WHAT IS EXPECTED: Could the listing below be returned exactly, with its pictures left out?

GIVEN DATA:
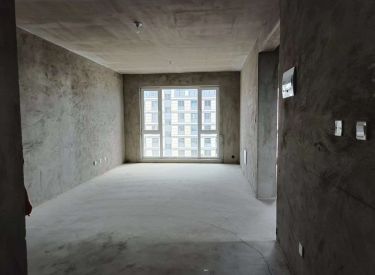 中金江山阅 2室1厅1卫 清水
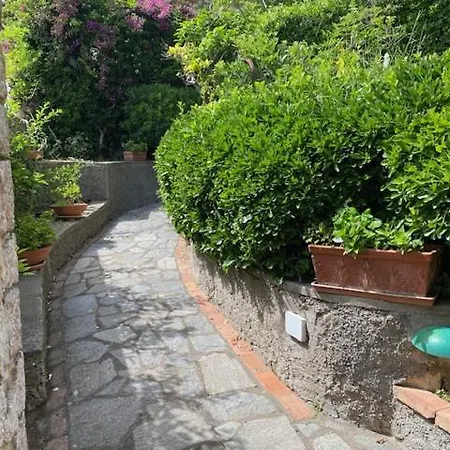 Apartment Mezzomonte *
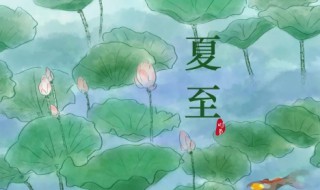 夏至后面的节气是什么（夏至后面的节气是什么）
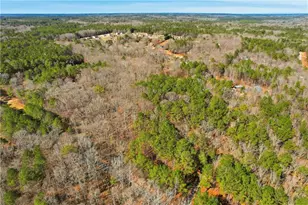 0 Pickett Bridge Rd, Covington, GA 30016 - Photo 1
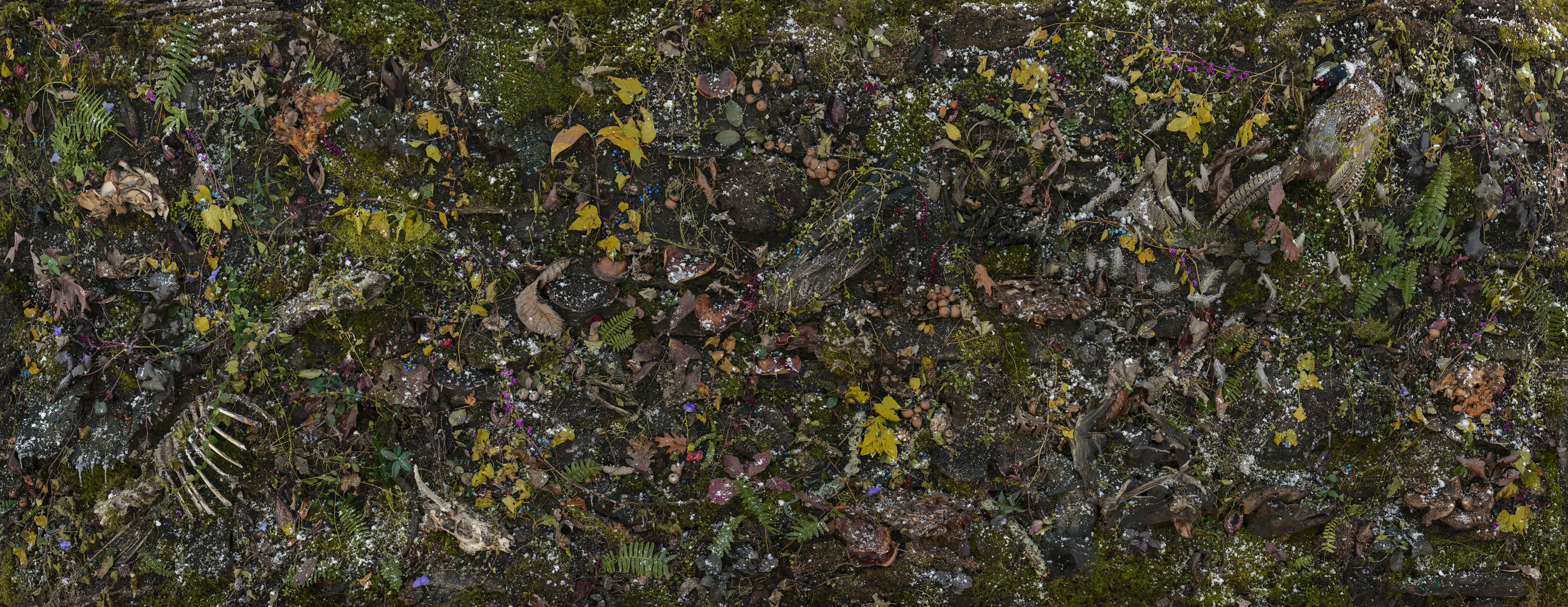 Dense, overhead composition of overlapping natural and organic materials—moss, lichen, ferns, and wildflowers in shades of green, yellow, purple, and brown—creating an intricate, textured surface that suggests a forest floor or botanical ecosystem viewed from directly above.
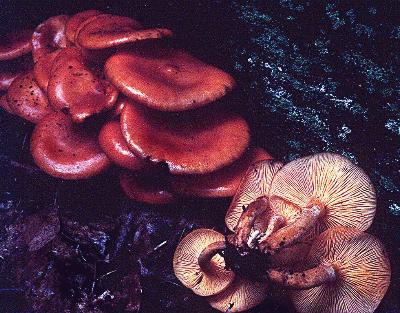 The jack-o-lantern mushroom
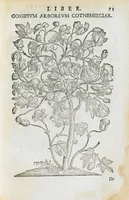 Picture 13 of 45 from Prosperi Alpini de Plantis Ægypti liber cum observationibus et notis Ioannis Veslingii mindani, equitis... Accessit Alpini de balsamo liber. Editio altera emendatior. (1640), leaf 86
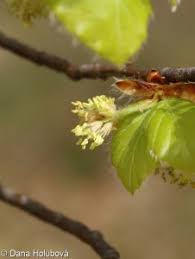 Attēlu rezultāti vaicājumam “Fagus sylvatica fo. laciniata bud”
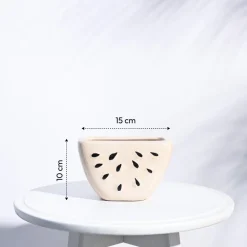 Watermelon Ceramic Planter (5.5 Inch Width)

THE ANSWER:
 中金江山阅 2室1厅1卫 清水
 Apartment Mezzomonte *
 夏至后面的节气是什么（夏至后面的节气是什么）
 0 Pickett Bridge Rd, Covington, GA 30016 - Photo 1
 Dense, overhead composition of overlapping natural and organic materials—moss, lichen, ferns, and wildflowers in shades of green, yellow, purple, and brown—creating an intricate, textured surface that suggests a forest floor or botanical ecosystem viewed from directly above.
 The jack-o-lantern mushroom
 Picture 13 of 45 from Prosperi Alpini de Plantis Ægypti liber cum observationibus et notis Ioannis Veslingii mindani, equitis... Accessit Alpini de balsamo liber. Editio altera emendatior. (1640), leaf 86
 Attēlu rezultāti vaicājumam “Fagus sylvatica fo. laciniata bud”
 Watermelon Ceramic Planter (5.5 Inch Width)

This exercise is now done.